Monday, October 3, 2022

Samhain Project 2: BBC's Ghost Watch

 


Halloween night in 1992, the BBC broadcast something that was a fairly new form of entertainment.  

The "mockumentary".  It had been done in comedy, but in a dramatic context, it was relatively untried.

Only this one had sharp edges, as well.  Horror buffs know of this, but it's not everyday chatter outside of that enclosed world.  A cast of what were familiar television personalities to the British broadcast an evening's "entertainment" called "Ghost Watch".  A crew, with a paranormal psychologist-backing (whose presence was observing the events in studio) selected a "known" haunted house and a BBC crew spent the evening there with a tortured family.

Intertwined are phone calls from the viewing public sharing their own ghost stories, and as the night progresses,  surprising background information on the house in question, and its diabolical paranormal resident. 

It all starts out light enough until the entity (known as "Pipes" due to his penchant for banging on the plumbing) starts to make its presence known to the family, and then England at large, and these sequences grow to become vaguely disturbing. 

The last turn Ghost Watch takes is dark indeed.  Preceding Blair Witch, viewers may not have been ready for the combination of horror and cinema verite.
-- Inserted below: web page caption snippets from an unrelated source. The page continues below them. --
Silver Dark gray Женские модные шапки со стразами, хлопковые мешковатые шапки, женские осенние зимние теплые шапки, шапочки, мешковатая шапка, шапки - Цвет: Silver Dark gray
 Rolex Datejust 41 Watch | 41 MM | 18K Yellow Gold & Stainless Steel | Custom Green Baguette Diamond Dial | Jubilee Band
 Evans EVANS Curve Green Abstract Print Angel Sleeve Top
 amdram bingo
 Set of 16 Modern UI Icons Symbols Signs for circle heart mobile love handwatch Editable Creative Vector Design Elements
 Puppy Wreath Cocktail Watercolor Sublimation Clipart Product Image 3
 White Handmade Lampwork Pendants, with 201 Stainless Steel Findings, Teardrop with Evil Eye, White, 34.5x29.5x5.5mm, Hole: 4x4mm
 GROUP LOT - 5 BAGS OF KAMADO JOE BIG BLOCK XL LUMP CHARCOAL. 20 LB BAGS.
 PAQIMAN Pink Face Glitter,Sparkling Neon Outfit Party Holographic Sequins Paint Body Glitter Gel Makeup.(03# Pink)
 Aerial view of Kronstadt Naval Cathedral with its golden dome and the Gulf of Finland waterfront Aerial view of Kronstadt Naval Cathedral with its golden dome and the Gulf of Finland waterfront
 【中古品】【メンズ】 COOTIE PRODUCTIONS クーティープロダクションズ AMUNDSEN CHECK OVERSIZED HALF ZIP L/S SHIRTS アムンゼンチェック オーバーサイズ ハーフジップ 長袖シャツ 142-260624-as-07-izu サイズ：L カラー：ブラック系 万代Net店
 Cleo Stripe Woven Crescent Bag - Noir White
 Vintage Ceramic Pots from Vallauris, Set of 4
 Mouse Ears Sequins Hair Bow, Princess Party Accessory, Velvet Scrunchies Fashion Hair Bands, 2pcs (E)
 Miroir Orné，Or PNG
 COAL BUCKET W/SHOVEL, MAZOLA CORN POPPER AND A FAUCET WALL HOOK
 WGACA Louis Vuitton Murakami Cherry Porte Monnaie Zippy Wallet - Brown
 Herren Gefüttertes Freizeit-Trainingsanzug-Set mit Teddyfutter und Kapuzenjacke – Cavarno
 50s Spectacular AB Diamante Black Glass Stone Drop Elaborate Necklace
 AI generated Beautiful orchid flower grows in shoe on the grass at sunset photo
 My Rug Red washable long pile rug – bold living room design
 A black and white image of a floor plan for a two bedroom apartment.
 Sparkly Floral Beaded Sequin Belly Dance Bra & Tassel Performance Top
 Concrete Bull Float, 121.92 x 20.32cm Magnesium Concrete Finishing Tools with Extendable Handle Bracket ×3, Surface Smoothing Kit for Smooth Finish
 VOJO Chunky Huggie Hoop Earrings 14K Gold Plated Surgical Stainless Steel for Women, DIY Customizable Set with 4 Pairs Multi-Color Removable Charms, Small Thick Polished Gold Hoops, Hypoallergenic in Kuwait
Some viewers thought , much like in the case of Orson Welles radio play on Halloween Night of 1938, that it was real and happening in the moment.  Phone calls overwhelmed BBC-1.  There was a suicide linked to the program after its airing.  This, with other viewer complaints led to the BBC burying it for years.  America had no shot until Shudder served it up in 2017.

Does it hold up upon viewing 30 years later?  Yes and no.  Much like Blair Witch, the "blink and you'll miss it" stuff  so sneakily hidden you hear about upon reading the retrospective information is truly chilling, but if you miss it, there's no effect.   But I can damn sure see how someone in 1992, knowing whether it was fiction or not, could be pretty damned spooked by the program, during the final half hour especially.  

Ghost Watch is a pretty interesting moment in horror history, and it more than holds its own in entertainment value, even some 30 years later.  Engrossing, and eventually shocking until it goes over the top at the very end.  I recommend it, but don't expect to have to change your underwear afterwards, like the poor sod who sued BBC for a new pair of trousers reportedly after its airing.